Missão Jorge
Uma das (poucas)
missões sérias que tenho, sigo e persigo na vida é a de manter vivo o meu Irmão
Jorge. Não é tarefa fácil: vai para trinta anos que morreu.
Como faço? –
querereis, talvez, saber Vós.
Faço assim:
Onde
a tua sombra refrescou o chão, acendo a vela do olhar.
Àquele
e àquela a quem o teu nome lembra ainda um rosto vivo & bonito, saúdo pelo
próprio nome no rosto mesmo.
Se
uma das tuas canções favoritas me acode aos pavilhões auditivos, cantarolo-a
com a tua voz.
Se
algo é referido como Património Mundial
da Humanidade, penso sempre que é do teu Corpo que falam.
Se
vêm com aquilo do Objecto Voador Não
Identificado, eu identifico-o logo como sendo a tua Mente.
Os
cães vadios das ruas tresandam à tua bondade e à tua solidão, meu malogrado Irmão.
Na
época das andorinhas, Maio não é o mês da tua morte – nem o do meu nascimento.
É
um bocado chato da tua parte fazeres-te de nove-horas, agora que são as dez para
sempre.
O
Pai declinou a olhos nus com o teu passamento: era um pássaro quebrado como um
galho. Não durou oito anos, esse pássaro nosso progenitor.
A
Mãe deu mais luta. A Mãe deu sempre muita luta. Luta & luto. Durou quase um
quarto-de-século sem ti.
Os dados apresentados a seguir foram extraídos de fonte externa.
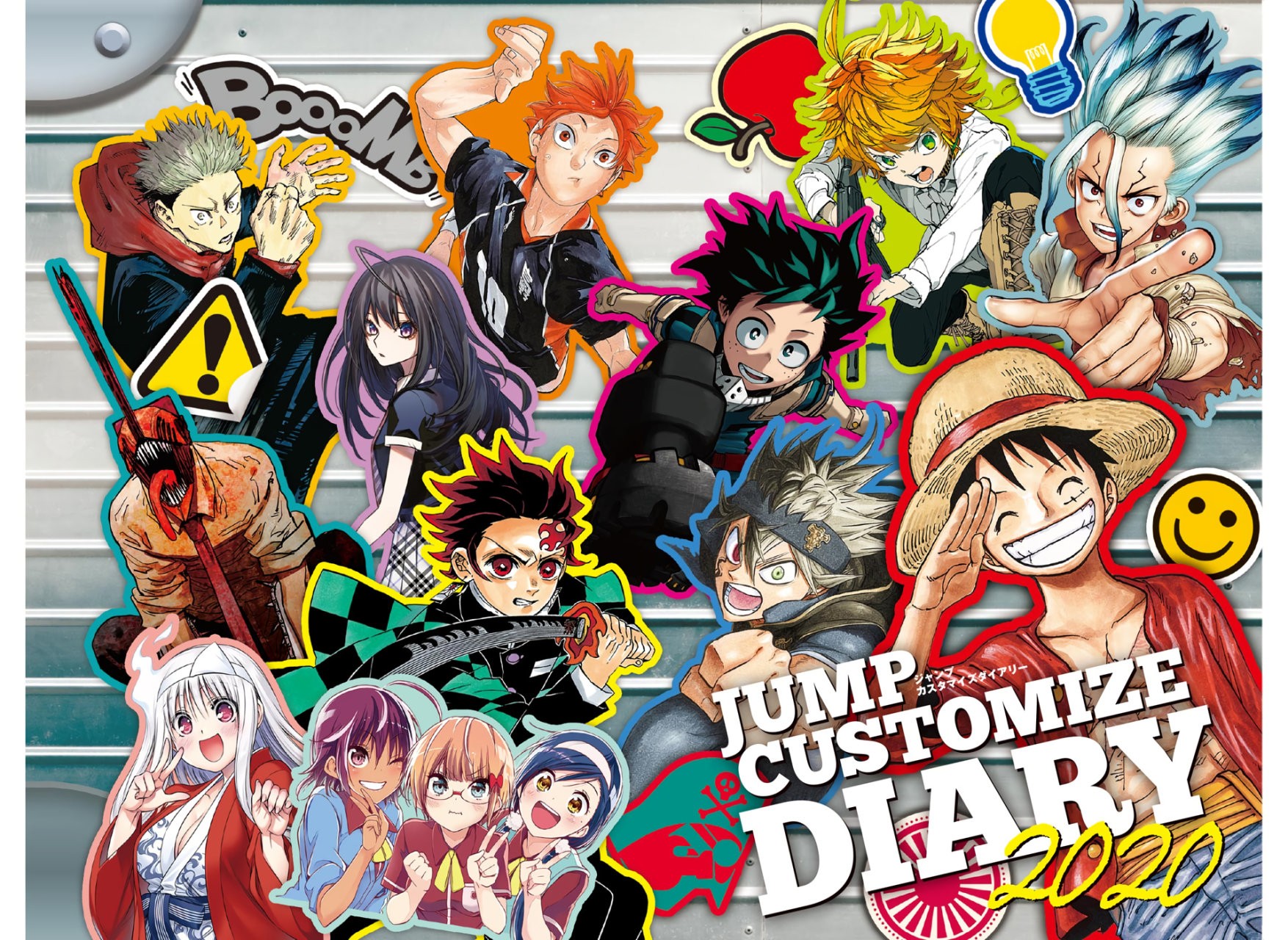 Read Haikyu!! ES Manga Online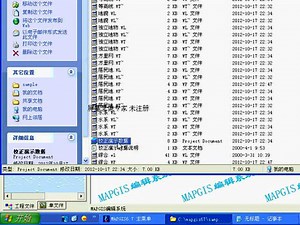 mapgis教程-从零学MAPGIS〈1〉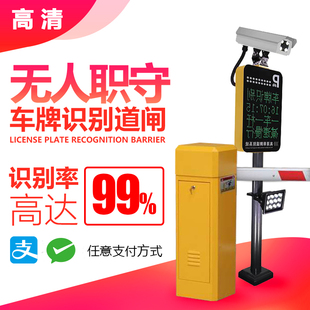 临时车近距离收费 车牌自动识别智能停车场微信支付脱机管理系统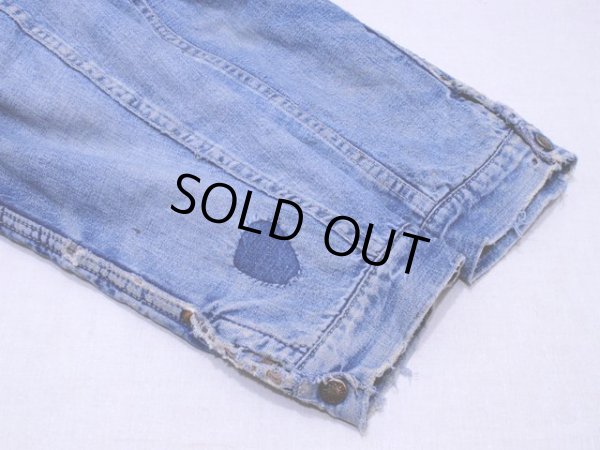 袖口にリペアとダメージ。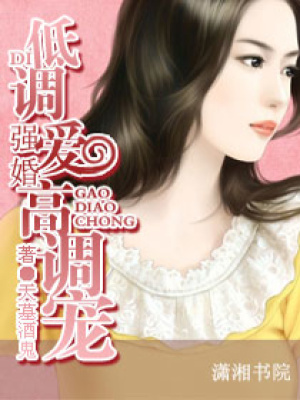 強(qiáng)婚,低調(diào)愛(ài)高調(diào)寵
Ou contigo, lá bem à maneira só dela, essa campeã de
filhos, essa vencedora nata.
Passo
muitas vezes à porta do teu quarto-casa terminal: fecharam a janela ao n.º 210,
receio que lá dentro as trevas te impeçam o gesto branco, a fala clara.
The Rolling Stones ainda andam por
aí. (Percebo que isto te faz sorrir. A mim, não – deverias ter-lhes seguido o
exemplo.)
Outras
famílias como a nossa perderam também seus Jorges – a família Conceição do teu
Tó, por exemplo. (Arrependo-me e penitencio-me: não deveria ter-te contado
isto.)
O
Botânico continua frondoso & formoso.
O
Mondego continua de cobalto vivo: uma tira de Céu.
A
tua Filha Daniela é uma mulher linda como uma manhã de sol acordando em vidro
não-cortante um campo verde-ferrete.
Os
Irmãos sobreviventes fazemos pela vida: endureceu-nos a todos, a manhã de 23 de
Maio de 1986. Do teu gémeo Fernando, nem falo.
Repara:
tu em Maio, o Pai em Abril, a Mãe em Março – o Tempo desce.
1986.
1994. 2011.
Sim,
passei hoje pela tua rua Antero de Quental, alimentei o pombal à tua porta, a
altaneira Torre da Universidade já não cabreja a estudantada como antigamente,
mas também a verdade é que tudo me sabe a antigamente quando entristeço de
arroz & pombas à tua porta, à tua janela fechada.
És
difícil de manter vivo. Uma pessoa sobrevive por egoísmo. Tenho livros &
discos que te dar e de que te falar, dá-me uma trabalheira dos mil-diabos andar
com este sacão repleto de belezas escritas & cantadas, pareço a Liginha com
o saco dos brinquedos a caminho da praia, pá.
A
minha Filha Leonor formou-se em Composição Musical na quarta-feira, 22 de Julho
de 2015. Ela não faz (mas faz) ideia de quem sejas.
Eu
faço: És.
Não
deve ser fácil para ti, isto de ser.
Mas
És.
Tu
seres é o meu trabalho.
A
minha missão não impossível, Jorge Manuel Leite dos Santos Abrunheiro.